African cinema has adopted a self-financing strategy


The share of African films represents only 3% of the total film market on the African continent, while American films represent 70%. Countries such as Morocco and Nigeria are developing an industry and a production that is taking the continent to a higher level.

Reflecting the realities and aspirations of the continent, many directors see their art as a way of preserving cultural heritage, and educating viewers about the most pressing problems on the continent. Therefore, African filmmakers announced at the last Cannes Film Festival a pan-African fund to support the African cinema.

African filmmakers, gathered in the Pan African Federation of Filmmakers (FEPACI), intend to finance African productions. Public and private stakeholders are invited to contribute to the Pun-African Fund to support the cinema on the continent.

The fund aims to provide the necessary impetus for the restructuring of the film industry on the African continent. African filmmakers want their governments to raise awareness of the need to finance the continent’s cinema.

The fund will certainly have a direct relationship with the AU. For now, the pan-African organization is familiar with the question. But in this first phase of the fund’s implementation, the main partner is the Organisation Internationalle de la Francophonie (OIF).

For four years, the Film Fund of the French Ministry of Foreign Affairs has provided a budget of 8.5 million Euros for the production of African films. This funding envelope helped finance 66 films. Since 2010, its target figure - 10 million Euros - implies the co-production of a catalogue of 15 films over 5 years. By financing films, France only assumes the right to broadcast through the French cultural centres’ network.
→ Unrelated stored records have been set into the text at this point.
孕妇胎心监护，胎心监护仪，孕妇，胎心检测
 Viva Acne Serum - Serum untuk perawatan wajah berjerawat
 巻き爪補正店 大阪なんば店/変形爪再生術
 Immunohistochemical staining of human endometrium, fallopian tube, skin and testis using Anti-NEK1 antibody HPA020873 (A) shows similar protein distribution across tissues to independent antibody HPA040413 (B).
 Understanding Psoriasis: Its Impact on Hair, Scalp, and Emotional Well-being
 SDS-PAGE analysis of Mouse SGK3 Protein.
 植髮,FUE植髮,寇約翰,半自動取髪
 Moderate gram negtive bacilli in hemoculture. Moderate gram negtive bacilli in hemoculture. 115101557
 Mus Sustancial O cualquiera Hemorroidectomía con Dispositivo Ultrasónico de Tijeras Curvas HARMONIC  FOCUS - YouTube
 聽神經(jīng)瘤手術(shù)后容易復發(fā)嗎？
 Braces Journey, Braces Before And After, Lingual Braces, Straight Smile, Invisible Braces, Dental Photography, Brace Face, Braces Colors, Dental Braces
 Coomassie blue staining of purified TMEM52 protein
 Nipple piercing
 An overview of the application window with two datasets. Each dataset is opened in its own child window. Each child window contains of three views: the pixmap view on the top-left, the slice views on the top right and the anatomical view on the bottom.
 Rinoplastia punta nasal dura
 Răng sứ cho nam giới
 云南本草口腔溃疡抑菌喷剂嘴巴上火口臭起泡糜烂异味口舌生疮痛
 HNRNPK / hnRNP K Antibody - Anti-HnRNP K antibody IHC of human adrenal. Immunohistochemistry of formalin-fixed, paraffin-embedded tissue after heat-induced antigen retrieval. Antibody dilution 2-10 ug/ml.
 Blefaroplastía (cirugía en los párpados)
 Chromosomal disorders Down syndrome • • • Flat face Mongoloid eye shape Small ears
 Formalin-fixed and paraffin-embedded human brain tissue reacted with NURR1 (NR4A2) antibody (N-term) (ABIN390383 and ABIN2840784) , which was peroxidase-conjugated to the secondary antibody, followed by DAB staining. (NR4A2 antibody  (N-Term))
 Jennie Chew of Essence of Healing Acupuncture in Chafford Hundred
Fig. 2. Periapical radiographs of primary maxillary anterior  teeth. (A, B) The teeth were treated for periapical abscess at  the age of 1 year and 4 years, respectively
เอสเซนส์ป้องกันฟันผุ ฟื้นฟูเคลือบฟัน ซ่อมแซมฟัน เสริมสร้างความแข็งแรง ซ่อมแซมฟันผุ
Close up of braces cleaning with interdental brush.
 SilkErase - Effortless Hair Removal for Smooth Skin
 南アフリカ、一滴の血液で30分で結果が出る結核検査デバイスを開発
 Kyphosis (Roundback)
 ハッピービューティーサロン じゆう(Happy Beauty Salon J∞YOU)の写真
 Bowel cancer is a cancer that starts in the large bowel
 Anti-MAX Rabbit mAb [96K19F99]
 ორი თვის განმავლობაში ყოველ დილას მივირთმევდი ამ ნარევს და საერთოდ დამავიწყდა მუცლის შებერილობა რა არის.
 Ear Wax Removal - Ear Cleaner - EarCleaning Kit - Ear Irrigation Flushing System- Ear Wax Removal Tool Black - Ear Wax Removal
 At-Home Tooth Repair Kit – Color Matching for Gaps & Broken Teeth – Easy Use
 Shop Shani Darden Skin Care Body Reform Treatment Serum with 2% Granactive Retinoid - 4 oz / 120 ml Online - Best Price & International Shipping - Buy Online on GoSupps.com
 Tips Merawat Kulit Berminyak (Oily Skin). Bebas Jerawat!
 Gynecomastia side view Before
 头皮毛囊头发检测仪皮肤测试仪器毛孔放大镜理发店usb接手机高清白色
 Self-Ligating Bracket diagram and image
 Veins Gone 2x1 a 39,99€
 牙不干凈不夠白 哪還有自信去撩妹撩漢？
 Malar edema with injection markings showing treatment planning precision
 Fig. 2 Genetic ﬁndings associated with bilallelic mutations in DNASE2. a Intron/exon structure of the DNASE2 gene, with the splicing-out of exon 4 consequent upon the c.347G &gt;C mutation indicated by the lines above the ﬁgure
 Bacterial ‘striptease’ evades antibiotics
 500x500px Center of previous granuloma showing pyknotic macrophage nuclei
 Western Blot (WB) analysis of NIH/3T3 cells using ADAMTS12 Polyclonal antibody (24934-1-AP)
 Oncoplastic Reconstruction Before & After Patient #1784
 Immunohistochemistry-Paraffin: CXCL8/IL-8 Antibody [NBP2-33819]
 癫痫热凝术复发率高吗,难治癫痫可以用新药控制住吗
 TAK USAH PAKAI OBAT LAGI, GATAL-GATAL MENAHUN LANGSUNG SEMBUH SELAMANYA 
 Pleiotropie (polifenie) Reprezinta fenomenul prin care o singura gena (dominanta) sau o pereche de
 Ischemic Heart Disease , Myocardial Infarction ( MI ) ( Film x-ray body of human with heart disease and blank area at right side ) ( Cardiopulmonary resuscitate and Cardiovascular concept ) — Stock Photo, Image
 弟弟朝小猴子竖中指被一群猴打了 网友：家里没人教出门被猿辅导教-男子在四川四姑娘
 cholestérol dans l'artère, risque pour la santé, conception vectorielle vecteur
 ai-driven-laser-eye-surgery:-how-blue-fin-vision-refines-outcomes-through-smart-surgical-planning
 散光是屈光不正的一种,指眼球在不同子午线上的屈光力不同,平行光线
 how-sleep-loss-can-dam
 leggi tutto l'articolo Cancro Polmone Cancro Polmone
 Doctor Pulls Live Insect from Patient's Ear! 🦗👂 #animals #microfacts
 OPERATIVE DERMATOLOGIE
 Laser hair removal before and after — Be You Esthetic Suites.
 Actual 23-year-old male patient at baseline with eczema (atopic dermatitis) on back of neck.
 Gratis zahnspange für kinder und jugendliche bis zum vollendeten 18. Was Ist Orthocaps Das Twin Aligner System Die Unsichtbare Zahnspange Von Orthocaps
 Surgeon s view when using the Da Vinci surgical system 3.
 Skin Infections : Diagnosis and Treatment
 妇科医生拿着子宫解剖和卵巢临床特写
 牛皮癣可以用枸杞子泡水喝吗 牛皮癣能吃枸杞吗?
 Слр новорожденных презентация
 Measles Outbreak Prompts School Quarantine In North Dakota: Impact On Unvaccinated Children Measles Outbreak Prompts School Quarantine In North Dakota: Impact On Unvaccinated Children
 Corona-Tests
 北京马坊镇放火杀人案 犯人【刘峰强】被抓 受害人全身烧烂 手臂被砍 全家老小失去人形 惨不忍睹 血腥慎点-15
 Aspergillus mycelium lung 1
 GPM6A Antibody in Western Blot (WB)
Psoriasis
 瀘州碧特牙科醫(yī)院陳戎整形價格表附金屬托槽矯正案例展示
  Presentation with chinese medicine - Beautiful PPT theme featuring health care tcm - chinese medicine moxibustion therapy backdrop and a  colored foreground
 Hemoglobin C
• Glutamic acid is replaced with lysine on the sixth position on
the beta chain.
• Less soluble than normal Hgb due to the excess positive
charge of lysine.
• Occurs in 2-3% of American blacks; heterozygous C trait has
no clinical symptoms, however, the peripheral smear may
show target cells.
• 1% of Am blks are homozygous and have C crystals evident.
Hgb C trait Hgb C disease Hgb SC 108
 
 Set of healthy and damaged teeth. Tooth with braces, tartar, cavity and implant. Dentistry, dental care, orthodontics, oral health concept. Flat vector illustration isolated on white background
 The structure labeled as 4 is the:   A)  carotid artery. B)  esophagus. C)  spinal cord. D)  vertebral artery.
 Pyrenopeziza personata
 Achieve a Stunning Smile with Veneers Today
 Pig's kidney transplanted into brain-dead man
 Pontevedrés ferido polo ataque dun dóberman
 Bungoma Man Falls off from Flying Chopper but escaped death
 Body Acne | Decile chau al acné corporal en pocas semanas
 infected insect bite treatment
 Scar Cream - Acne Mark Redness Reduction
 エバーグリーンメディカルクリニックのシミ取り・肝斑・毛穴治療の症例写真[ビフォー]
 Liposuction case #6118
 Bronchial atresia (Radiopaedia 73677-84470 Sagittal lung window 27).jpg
Nigeria is regarded as the giant of African film production, a phenomenon explained by the boom in home videos of its movies. There are some impressive numbers: 650 official film releases in 2000 (more than double in pirate releases), 15,000 video clubs identified, more than 260 production companies ... but only 5 cinemas in Lagos, Nigeria's movie capital. If the traditional cinema circuit is so none-xistent, it's because films do not come out in the cinemas, but they come directly as DVDs or VHS.

This success is contagious. Today, analogue production has turned digital and it sells 10 to 20,000 copies for about 1 Euro per tape. The offer has multiplied exponentially. The Nigerian home video is exported so well that it generates a turnover exceeding 750,000 Euros.

If cinemas are still scarce considering that there are a billion Africans, the other broadcasting channels, including digital and cable ones, have the wind in their sails. A private television channel in South Africa, M-Net has created an archive of key African films by buying the rights for them and putting them into digital format.

The rights are valid for twenty-five years on all broadcasts made on the African continent - and sometimes beyond that - whether they take place in cinemas, via Internet, cable and even mobile phones when this technology gets developed in Africa.

Ultimately, festivals remain vital appointment for the African 7th art: Bamako, Carthage, Johannesburg, Marrakech, Ouagadougou, Yaoundé: each year all these cities celebrate African cinemas. These festivals represent real showcases for the African cinema and they also have forums where directors of can discuss all sorts of issues.